She Understood

Fiction Inspirational Speculative

Written in response to: "Write a story about someone who shouldn't have made it out… but did." as part of Against the Odds with Jessica Brody.

She Understood

When that bridge collapsed, I did too. Who knew how profound the impact of surviving the unsurvivable would affect one’s mind as deeply as it did my own. Seven months ago, I was walking home from a side gig at my local grocery store. The street was lined with multicolored leaves and my nose was filled with cozy, autumn air. The houses that bordered the street were strong and sturdy, just like me. I was on top of the world, living each day better than the last. While others fought to achieve their dreams, I was living mine.

At the end of the street lay a beautiful, ancient bridge. This bridge had stood long before the homes were built and towered above the saplings that had soon grown into magnificent oaks. Although the tracks beneath had been updated from time to time, this bridge remained unchanged in all of its glory. That day, as there often was, a train was gliding beneath like a swan upon a lake. I strolled up the small incline towards the end of the street and onto the magnificent, stone structure.

As I walked along, I thought about how incredible I was to have achieved all that I had. Suddenly though, there was a large crash. Before I could even register what had happened, I was falling down, down, down and then there was nothing. Three weeks later, I woke up to nothing but an impending sense of doom. Although I later discovered that one of the train cars had come loose and fallen onto one of the crumbling supports of the old bridge leading to its destruction and my ultimate twenty foot fall, all I could think about was that I must be dead. That all I did in life was nothing but attend to my own joys. That all this time that I thought I had been living my purpose had been nothing more than a waste of time. With that collapse, the dream that I had been living in disappeared leaving nothing but an empty, scared version of my prior self. When I discovered that I was in fact not dead, I was shocked. After the explanation of what had occurred was given, I was even more surprised. Although I had lost my right leg, I couldn't help but wonder how I survived and why.

After I was released from the hospital, I fell into a gloomy pit of despair. I rejected the things that I used to love. My business, my friends, my side gig, everything. I had no family and few friends so the support system that I had built collapsed alongside my wellbeing. Defying death’s ultimate call left me broken and alone. It brought perspective into my life that I couldn't escape. While scrolling through my social media one day, I ran across an account that brought support to children who had lost limbs in accidents. As I looked through each post and at the joy that radiated through each child’s grin despite what they had gone through, my heart lifted. How were these children able to live so happily following such incidents. If they could be happy, maybe I could too.

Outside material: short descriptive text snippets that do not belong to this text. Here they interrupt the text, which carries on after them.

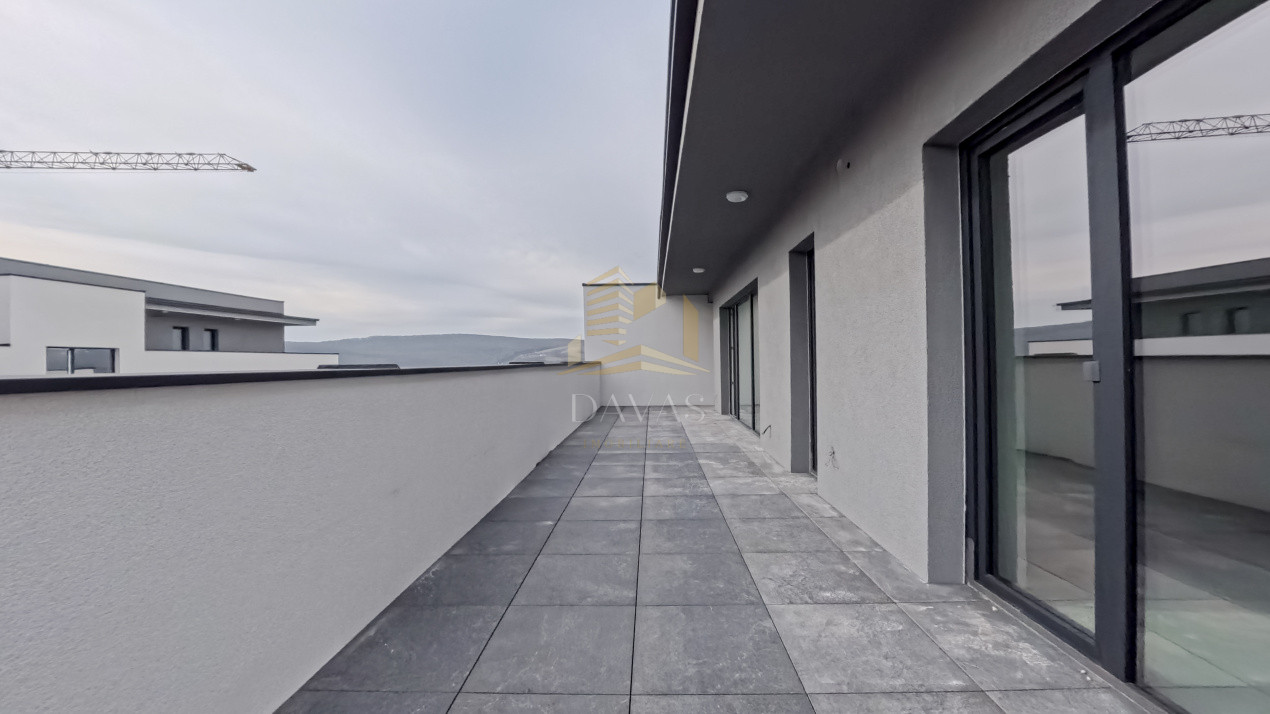 Penthouse de 3 camere semidecomandat - Parcare | Baciu 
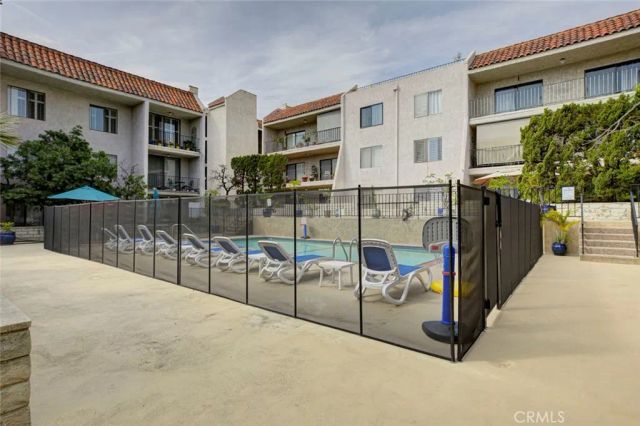 1401 Valley View 206, Glendale, CA 91202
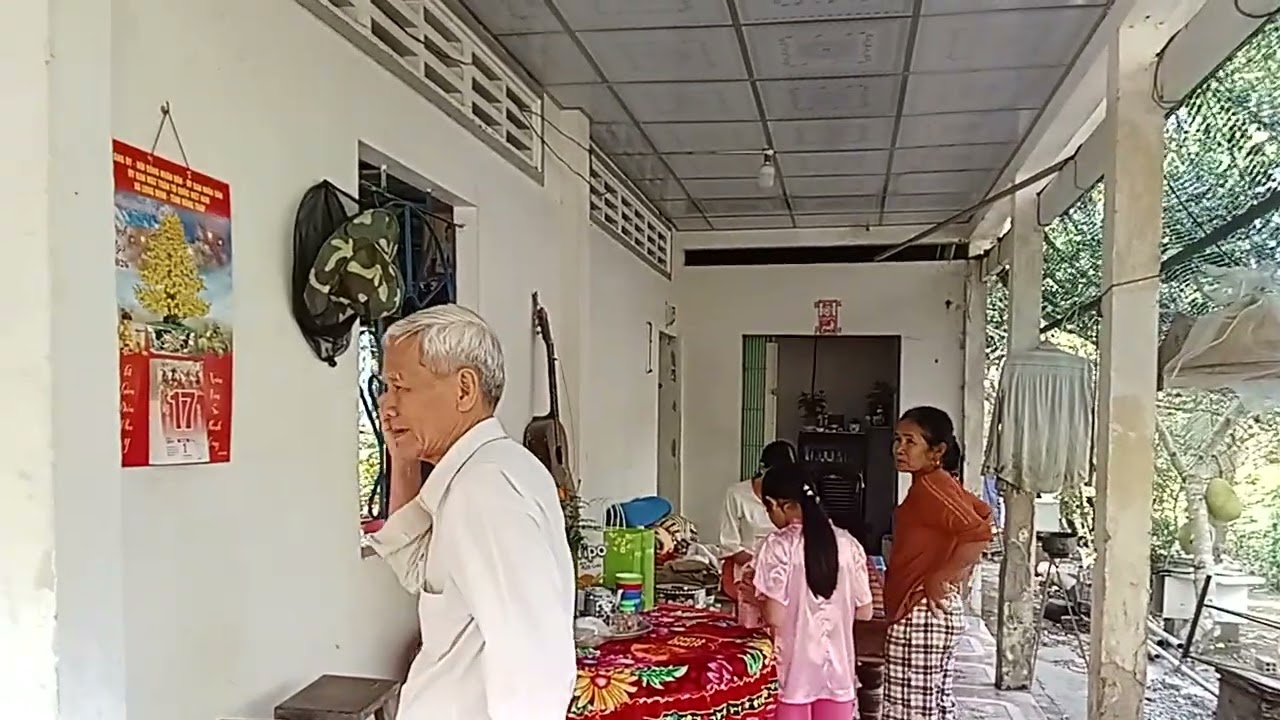 Sáng m1 Tết 2026 nhà Ba Má 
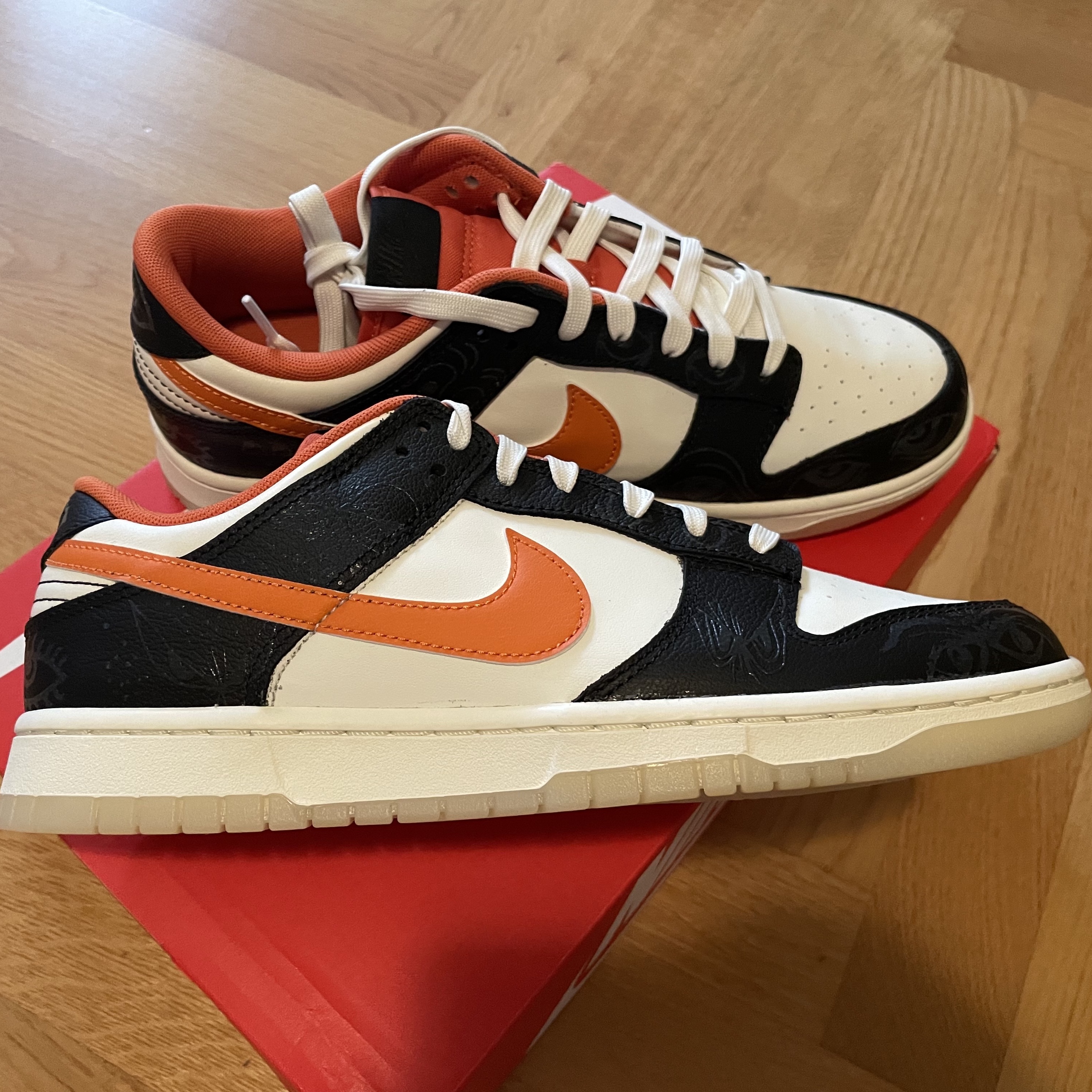 Nike Dunk Low Retro PRM Halloween 착용 스타일 - 1
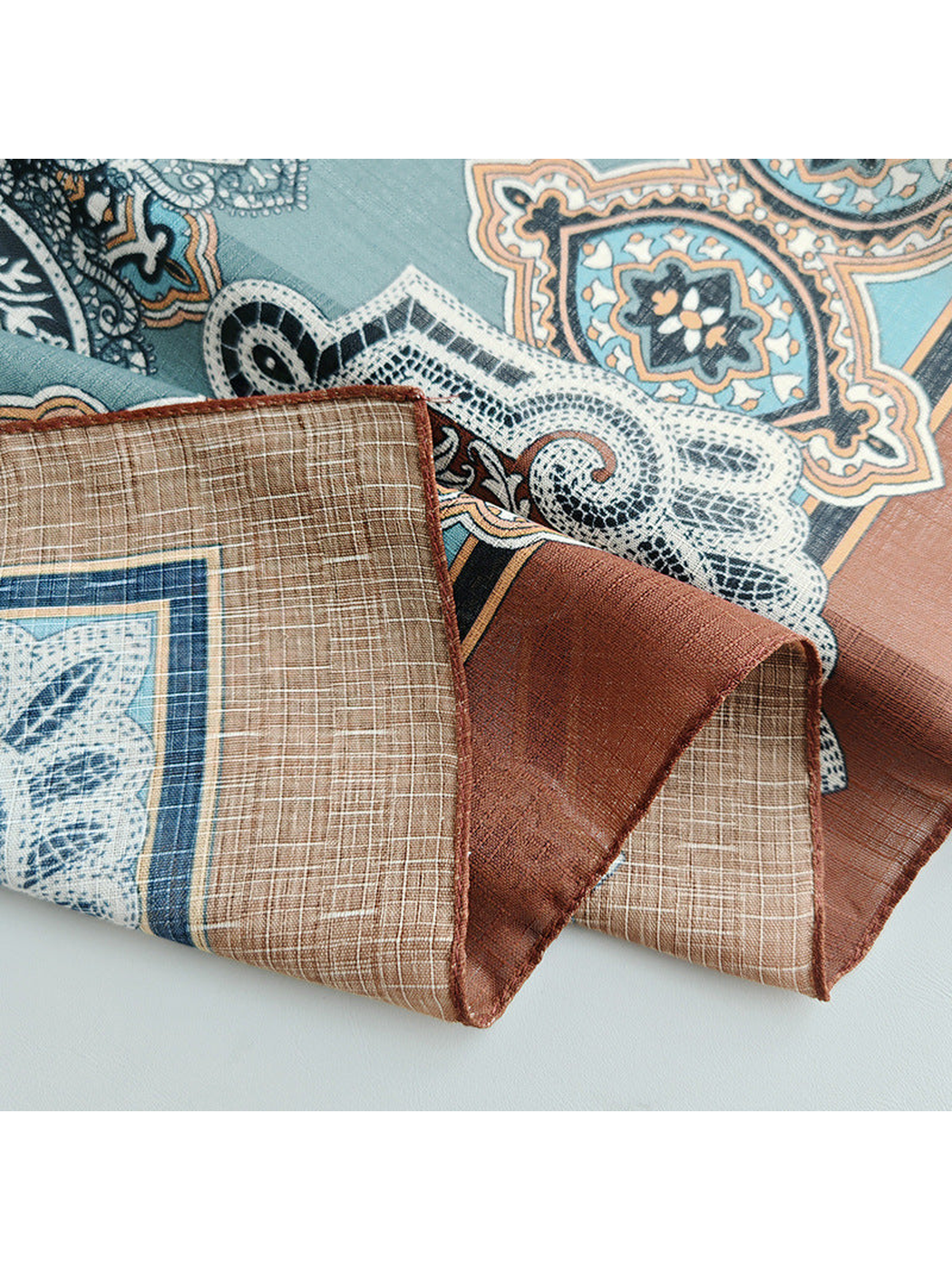 Close-up of the scarf border, reverse surface and finished edge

At that moment, I decided that I needed to remove myself from the grave that I had dug. Although I should’ve died, I didn’t. This claim that I had made felt too large for my current situation though. I couldn’t possibly take such a step because what if I fell through another figurative or literal bridge? What would happen to me then? I just couldn't do it. Except every time I turned back to scrolling, these children haunted my page. One happy smile after the next. Soon dog amputees joined the mix and I just couldn't stand it. At 2:00am one night, I made an appointment with a special therapist who geared her treatment towards amputees. I also forced myself to get up and learn how to properly move around on one leg. Two days later, the appointment came around and I couldn't leave the house. The last time I left my home, I had fallen to the brink of death. The fear crushed my soul just as the broken bridge had crushed my leg. I decided it wasn’t worth it and gave up. Five minutes before the appointment time though, I received a call from an unknown number. For some reason, I picked it up.

On the other end of the call was the therapist, Dr. Novak. She asked me why I had cancelled and if there was anything she could help me with. At that moment, I broke down. That was the first bit of human contact and care that I had received in weeks. She understood and we began phone call sessions that day. Dr. Novak taught me that although the outside world was intimidating, there was too much beauty in it to be ignored. She gave me a new perspective on sunsets, forests, oceans, and cities. She brought out the beauty that life had to give. I shared my deepest worries and angers surrounding what had happened to me. I told her about how I missed my leg and how I missed living each day to the fullest. She understood. It was all that I needed at that point.

We worked for weeks together until finally, I stepped out of my house, onto the street, and into her physical office. That day I broke down in her arms thanking her for the support that had helped to nourish my soul and bring it back from the brink of destruction. I couldn’t be more grateful to her. She used this gratitude and turned it around, asking me to apply it to my own daily life. And with her help, I could. Two months later, I stepped onto the rebuilt bridge and I crossed. Although it took every fiber of my being, I didn’t look back. From that moment on, I always looked forward and have dedicated my life to helping those around me. I reconnected with friends that soon became family and I adopted a sweet three-legged dalmatian named Ruby. I began to volunteer at the charity for child amputees that had pulled me out of my well of despair. I rebuilt my business, but this time dedicated fifty percent of all earnings to various charities. I gave my life to others so that they may join me in appreciating its beauty. So yes, that's how I’ve survived: living each day more grateful than the last while never looking back.